In "The Savages," writer-director Tamara Jenkins tackles a subject everybody deals with and filmmakers tend to shy away from: that painful role reversal when a child has to become an aging parent's parent. As anyone who saw her refreshing 1998 "Slums of Beverly Hills" knows, she brings a quirky honesty and a clear-eyed wit to the table. There's nothing mawkish about "The Savages": Jenkins's sweet and tart sensibility is located halfway between the compassionate satire of an Alexander Payne and the comic sang-froid of a Todd Solondz.

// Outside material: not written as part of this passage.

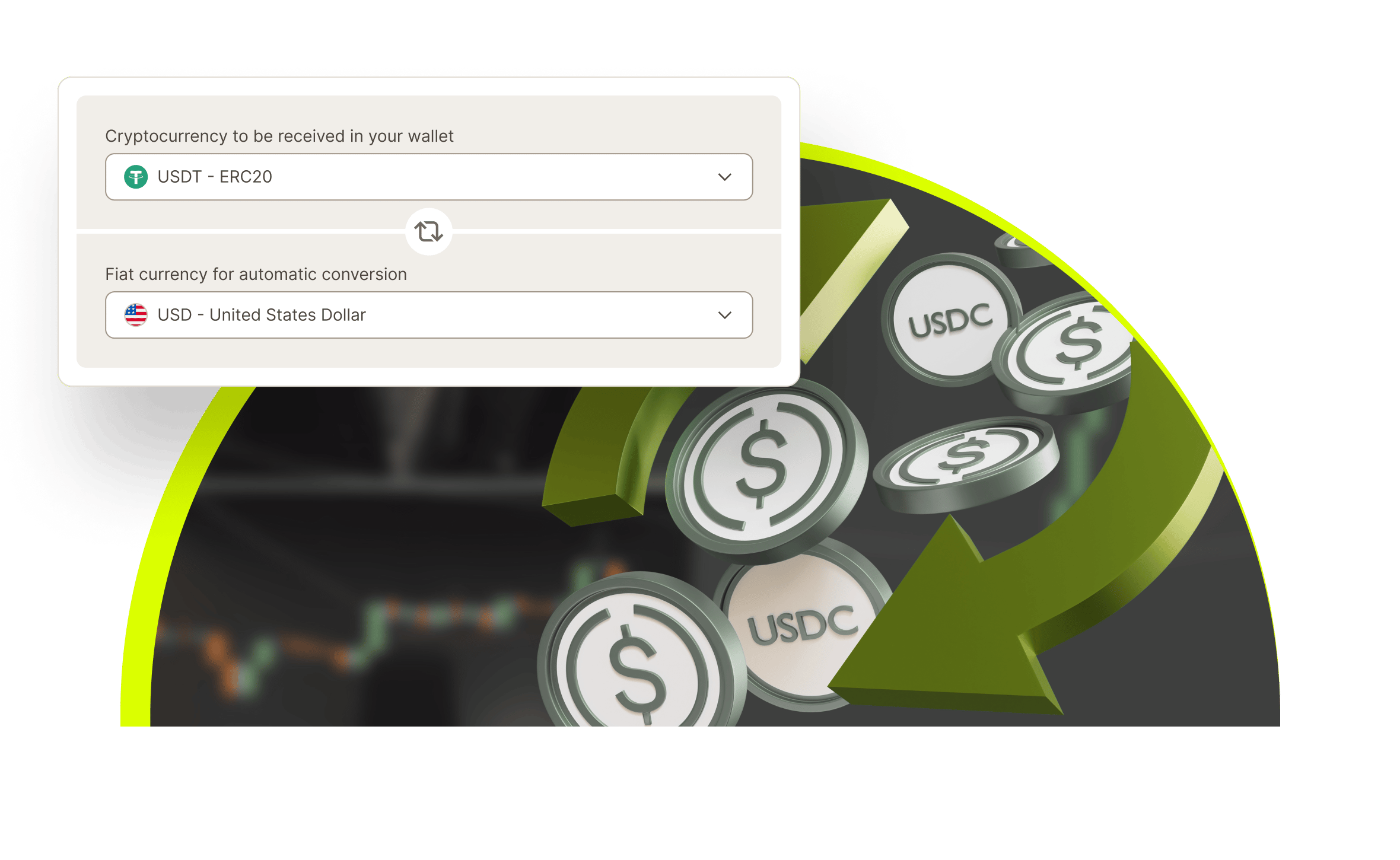 crypto to fiat auto conversion icon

Philip Seymour Hoffman and Laura Linney are the semi-estranged siblings Jon and Wendy Savage, whose father (Philip Bosco)—a difficult, irascible dad to begin with—is descending into dementia. He'd been living with his partner in Sun City, but when she dies his kids have to figure out what to do with him. They are not well equipped for the job, having enough trouble navigating their own floundering, self-absorbed lives. Wendy is a failed playwright in New York, surviving on temp jobs and unhappily conducting an affair with a married man (Peter Friedman). Jon's a professor in Buffalo, struggling to finish a book on Brecht and unable to commit to his Polish girlfriend. Thrown together by the crisis—which each deals with in radically different ways, her desperate, shaky optimism bouncing off his emotional detachment—they're forced to deal with their own arrested adolescence, as well as their father's looming death.
It sounds grimmer than it plays, thanks to Jenkins's sardonic, deadpan humor and the superb cast, who invest these damaged characters with rich, flawed, hilarious humanity. This bittersweet X-ray of American family dynamics may not be a Hallmark-card notion of a holiday movie, but it's one any son or daughter can take to heart.